Whether there is factual basis to the legends or not, Bian Que is known to have been a remarkable physician who was centuries ahead of his time.

He has famous statement: “When a disease is only skin deep, it may be reached by concoctions and applications. When a disease is in the blood system, can be reach by puncturing. When is in the stomach and intestines, can be reach by alcoholic extracts. But, when it had penetrated the bone-marrow, what could a doctor do? In 310 BC, Bian Que was assassinated by Li Mi, a royal medical officer in the State of Qin out of professional jealousy.

Today, Bian Que remains a household name in China and temples. Even some popular Chinese idioms, such as 起死回生 "Bringing the dying back to life" and 讳疾忌医 or "Concealing one's ailment and shying away from doctors," are attributed to this legendary doctor.

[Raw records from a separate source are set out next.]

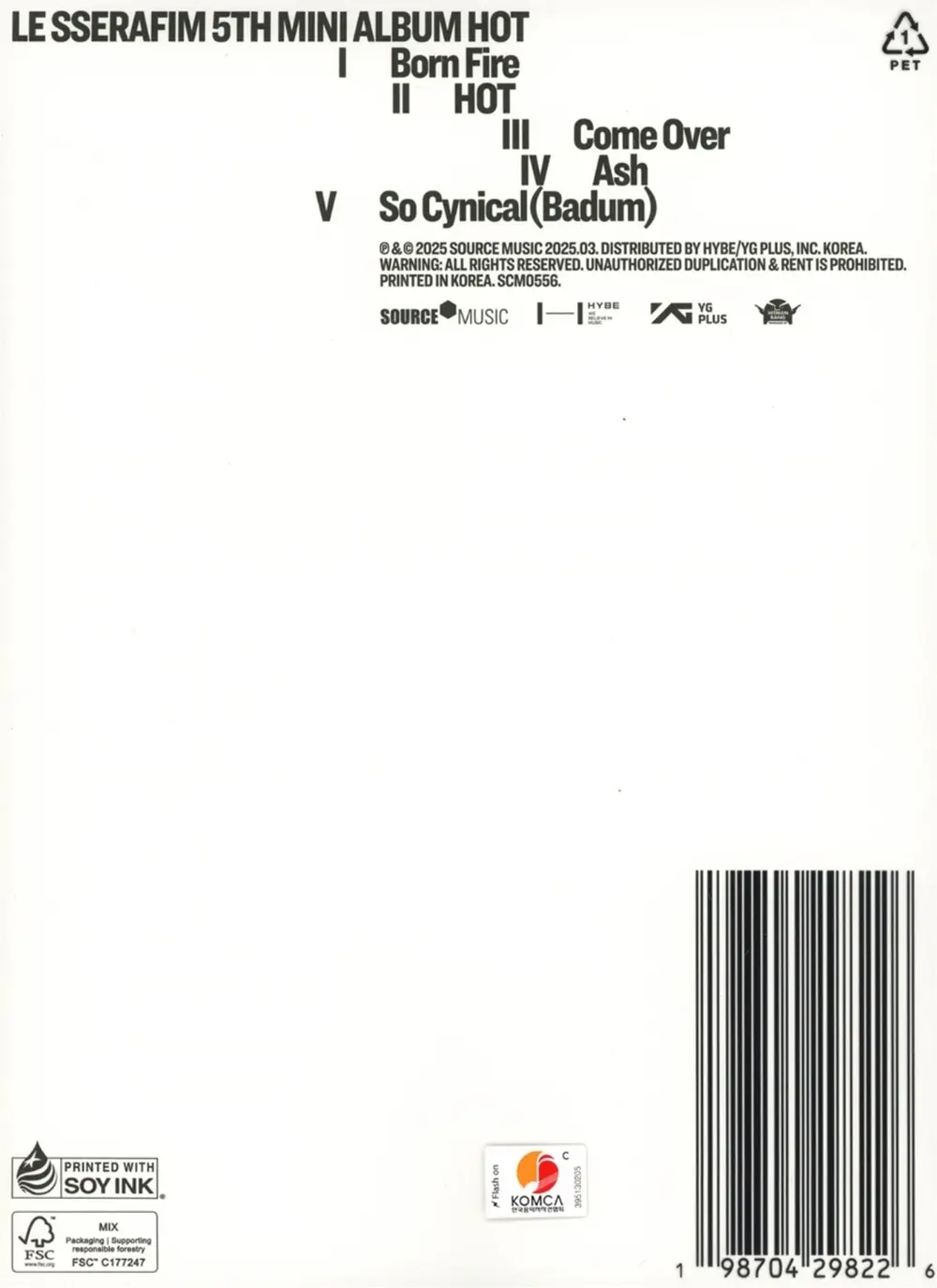 LE SSERAFIM – 5th Mini Album 'HOT' (CD)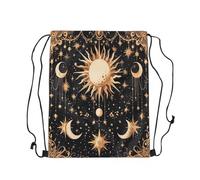Loussiesd Sonne Mond und Sterne Turnbeutel 33x40cm Galaxy Stars Gym Rucksack mit Kordelzug Vintage Böhmische Wildblume Sportbeutel Sporttasche Turnbeutel 33x40cm Gymsack Sportsack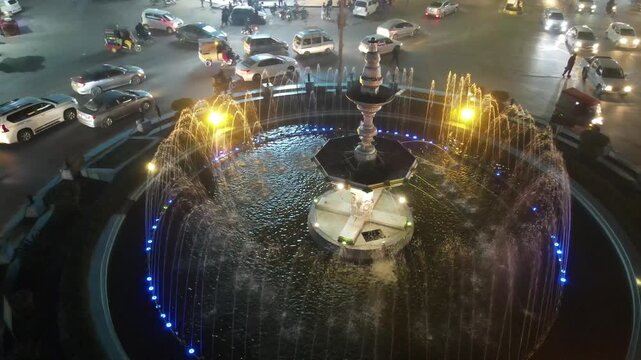 An upclose aerial footage of Bahwalpur's Famous Landmark, Fawara Chowk. 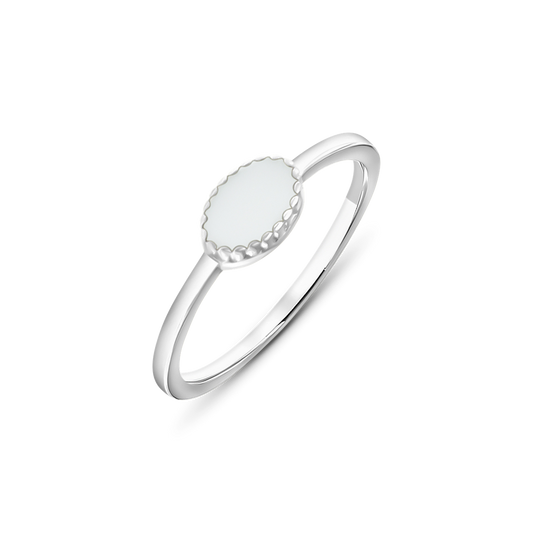 Luna breast milk ring in silver with a horizontal oval stone in a beaded rim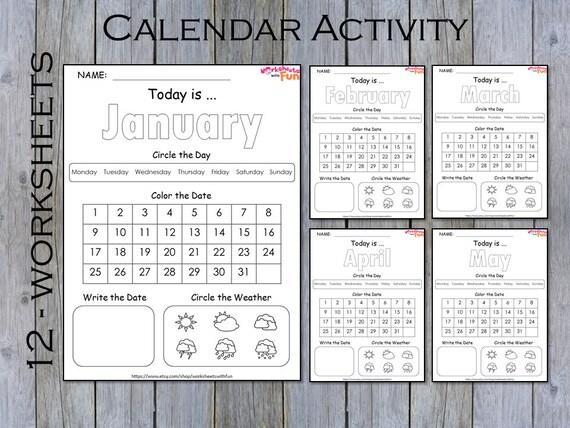 preschool calendar worksheets printable kids monthly digital etsy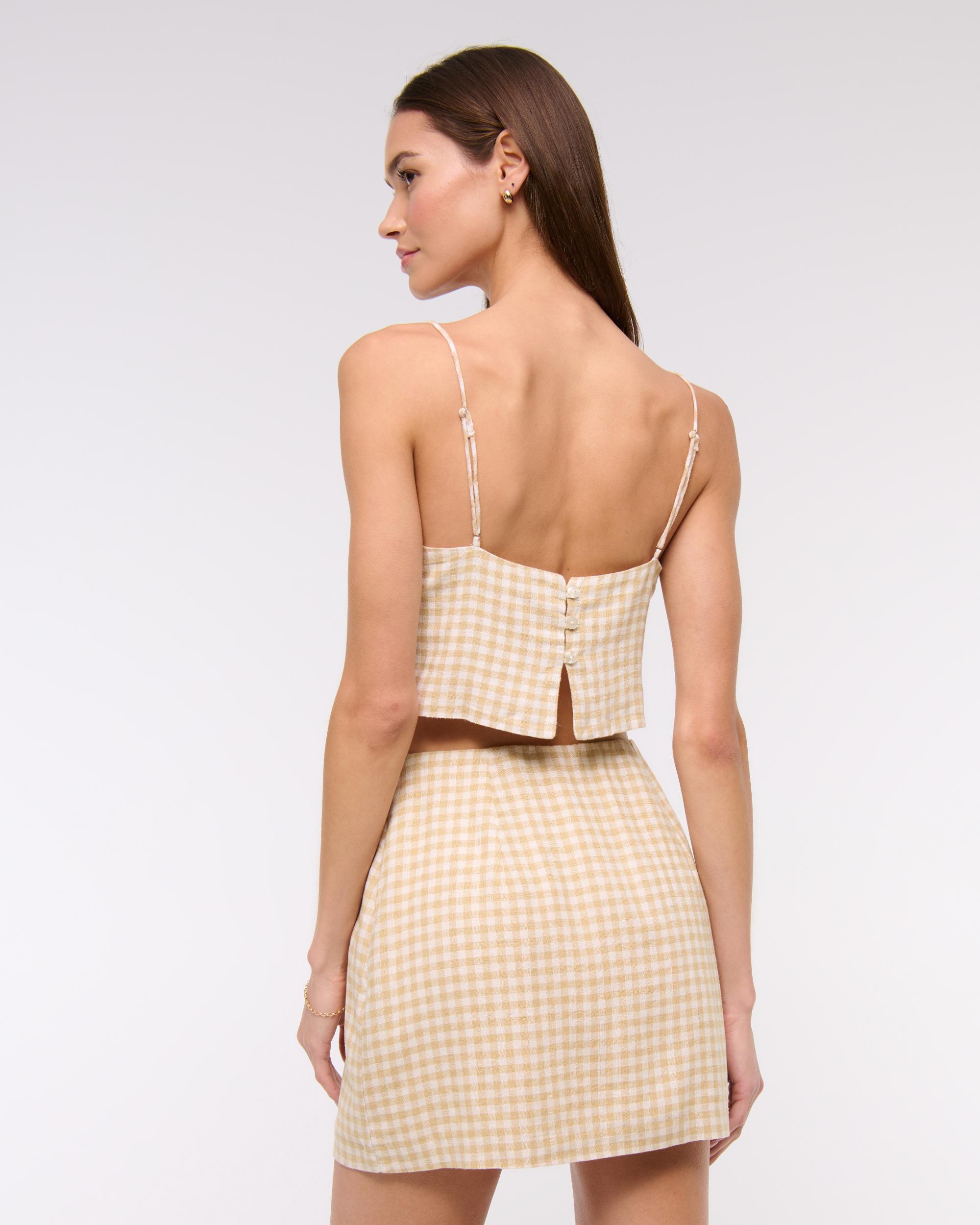 The A&F Scarlett Curve Love Linen-Blend Mini Skort Product Image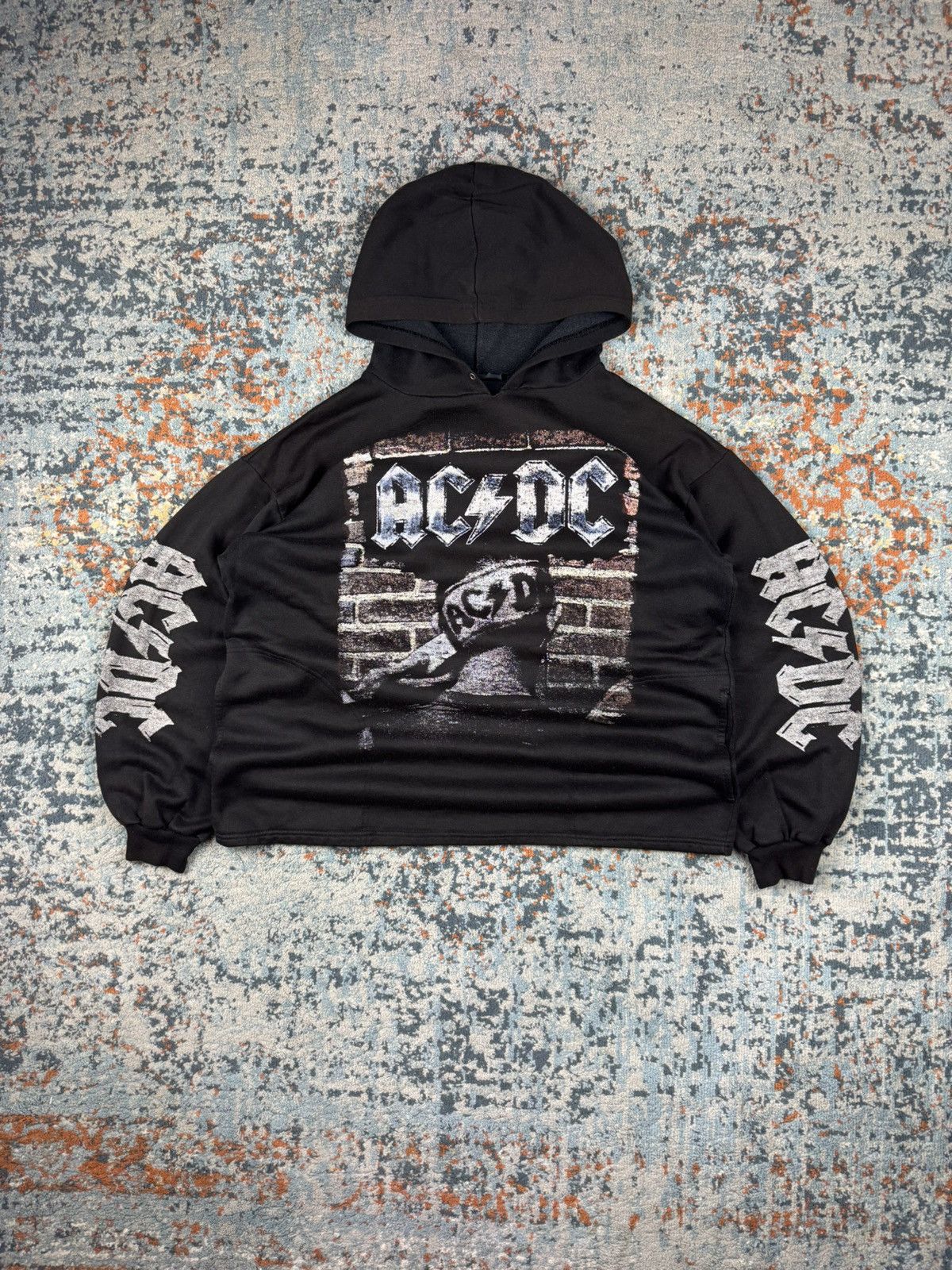 AC/DC × Band Tees × Vintage Vintage 90s AC/DC the razors edge crazy graphic hoodie boxy Size US XL / EU 56 / 4 - 1 Thumbnail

In the 1970s a stone relief was discovered in the hills of Weishan County, Shandong Province, dated to the Han dynasty (206 BC –220 AD), depicting a figure with human’s head and bird’s body holding a stone needle to perform an acupuncture. Some scholars see this relief as a confirmation of the totemic origin of Bian Que, and the relics has since been called “Bian Que performing acupuncture”. Some other scholars, however, suggest that “Bian Que” may have been a sinicized version of the mythical gandharvas, the human-headed birds known in India since Vedic times that were traditionally regarded as skilled physicians. In this interpretation both the bird-man disguise and some of the healing techniques of Bian Que may have resulted from maritime cultural contact between the East China coast and India that had occurred in high antiquity.

Despite the mystery surrounding the historicity of Bian Que as an individual, there is no doubt that, as the stuff of legend, he enjoyed an eminence in the history of Chinese Medicine unparalleled by any other physician.